The editorial policy pursued by the creators of the database has been defended in print before by members of the project's Editorial Board (see Professor Daniel Karlin on the selection of editions in The English Poetry Full-Text Database Newsletter, issue 1 (December 1991), Professor Derek Brewer on the choice of early texts in Newsletter, issue 2 (May 1992) and Professor Howard Erskine-Hill on the editorial policy in practice in Newsletter, issue 4 (September 1993)). However, it is worthwhile to reiterate some of the points made in these pieces. With regard to overall editorial strategy, essentially what Dr Reimer is asking is that English Poetry should have edited all English verse up to 1900 on consistent principles. This is obviously absurd. For the great majority of texts in English Poetry there was little or no choice about what edition to use. Such texts inevitably vary from period to period and author to author. The one printing of a minor eighteenth-century author's poem, untouched by later editing, may well be inconsistent in editorial accidentals with a similarly treated nineteenth-century poem, and even more so with a sixteenth-century poem. We could never have attempted to remove the editorial inconsistencies that existed between such texts. The elimination of 'non-authorial variables' of which Dr Reimer writes is an impossible ideal; the best that can be achieved is to present a faithful version of the texts that people actually read at the time, and for the great majority of texts in the database, this is what we have done.

Authors whose output has been subject to significant editorial attention offer more complex problems and it may be added that one of the revelations of the database is how many of the major poets in English have only just begun to be adequately edited. When we needed to go to a later edition to complete a poet's accepted canon satisfactorily we did so. Copyright questions were an irritation and permission was refused for Chadwyck-Healey to use some texts that it would much have liked to include (for example The Riverside Chaucer (1988), Karina Williamson's Poetical Works of Christopher Smart (1980-)) but copyright availability was not a primary consideration in deciding the most suitable text to include. It is also worth Dr Reimer reflecting that had we consistently favoured recent editions he may have been breaking the law downloading the 790kb poem (an entire large volume) that he complains took him over half an hour to generate (how long did it take the original scribe to copy or editor to edit?). He might have considered a modern edition a 'better' (from his perspective) text, but he would not have been allowed to do any more than look at it.
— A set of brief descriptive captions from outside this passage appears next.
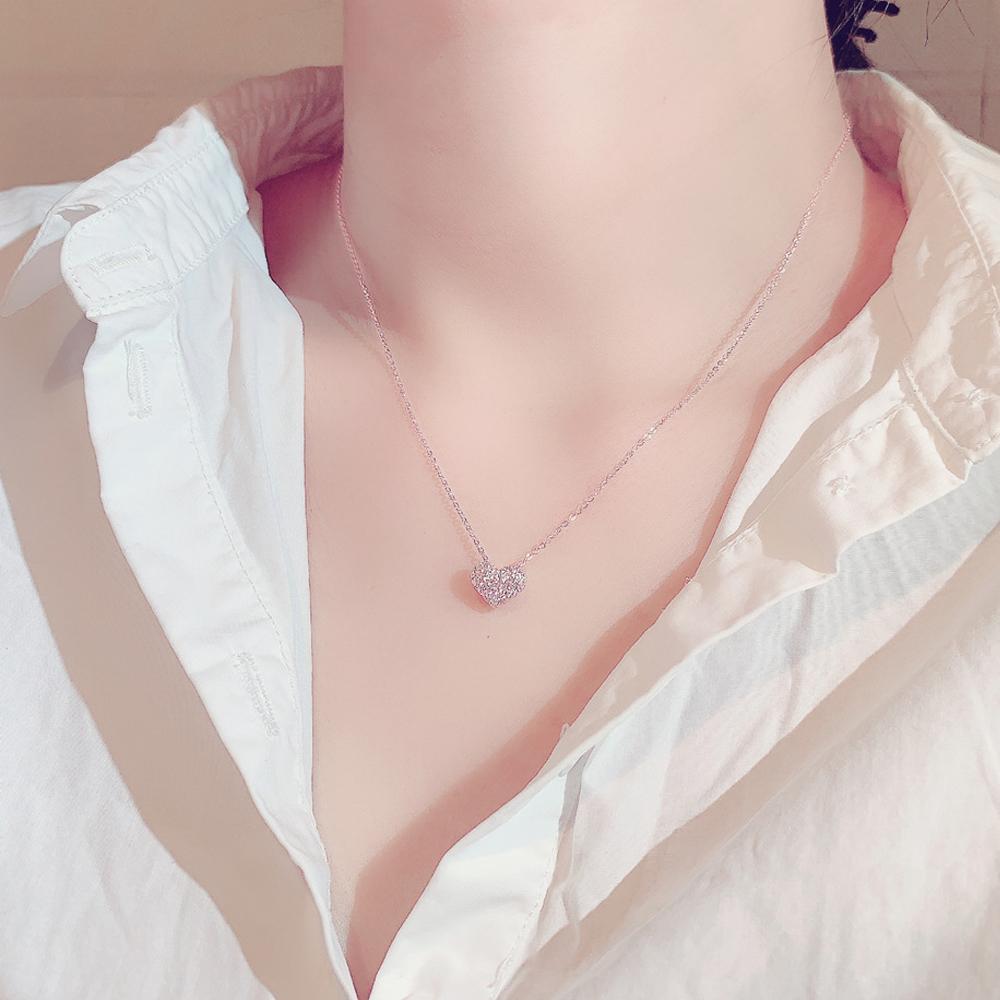 Love Heart Shape Necklace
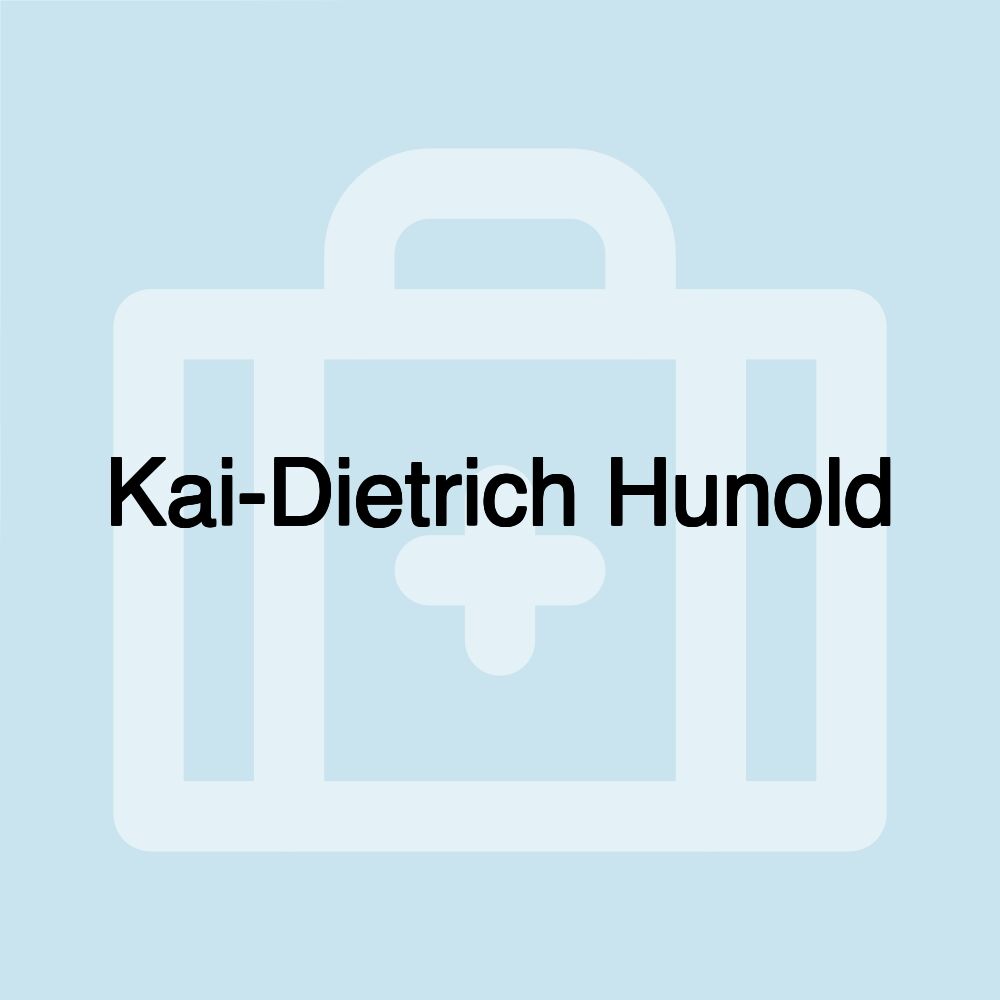 Kai-Dietrich Hunold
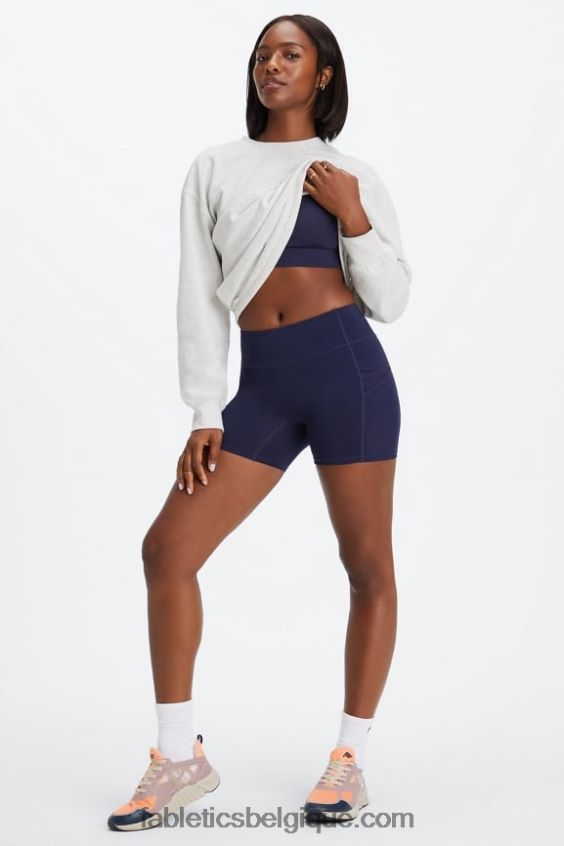 short trinity motion365 taille mi-haute 5\'\' femmes Fabletics 404P0T361 éclat nuage d\'orage/chaux sucrée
Dr Reimer notes that he considers his review is 'idiosyncratic and narrowly-focused' but states that he believes his criticisms are general. However, it is the case that fourteenth- and fifteenth-century texts do offer special difficulties distinct from the bibliographic problems that surround texts later than 1500. These difficulties are particularly apparent when considering the question of which edition provides the best core text. In the case of Chaucer earlier texts are obviously inferior. We have used Skeat's edition faute de mieux. So too with Langland. But any edition, however good, will embody controversy, as Dr Reimer will know, too extensive, and too specialised, to be more than mentioned here. For many fifteenth-century texts we have often - but not always - been able to use Early English Text Society editions. But as specialists will know, these themselves are very variable and some over a 100 years old. Some texts have had to be taken from late-nineteenth-century learned journals. It is greatly to be regretted that three items by or attributed at some stage to Lydgate (The Court of Sapience, Lives of Ss. Edmund and Fremund and Cartae versificatae) were missed. It is doubly unfortunate that we were not made aware of this sooner, since Chadwyck-Healey has just released a revised version of the database that made good the omissions of which it was aware and enhanced the database software at no charge to its customers. We regularly urge all users of the database to notify us of errors and omissions.

With regard to other allegedly missing items, Dr Reimer is mistaken. Our coverage of anthologies or collections of verse is, of necessity, selective and we have never claimed otherwise. However the Bannatyne MS carols are not all that have been included from that source. Bellenden's Benner of Pietie also appears and there is some material in the Bannatyne that is included in the database from alternative MS sources, for example the poems of Alexander Scott. The Vernon MS material is also not restricted to carols. The text of the Early English Text Society edition of the minor poems edited by Horstmann (1892) does appear in the database. The Early English Text Society edition of Joseph of Arimethie edited by Skeat (1871) from the Vernon MS is also in the database. Dr Reimer appears to have made a mistake in his reference to a non-existent Carleton Browne volume, Religious Lyrics of the XIV and XV Centuries. We have included the two volumes published by Oxford, Religious Lyrics of the XIVth Century (1924) and Religious Lyrics of the XVth Century (1939). We have also included Robbins' Historical Poems of the XIVth and XVth Centuries. Perhaps the missing item that Dr Reimer refers to is Secular Lyrics of the XIVth and XVth Centuries edited by R H Robbins? This certainly is not included in the database. It is possible that its omission reflects the fact that the texts it contains are included from other sources; I am not at present sure and must retrace some editorial steps to try to clarify. The Isle of Ladies, despite appearing in the Index of Middle English Verse, does not appear to be mentioned in NCBEL which is why it does not appear in the database.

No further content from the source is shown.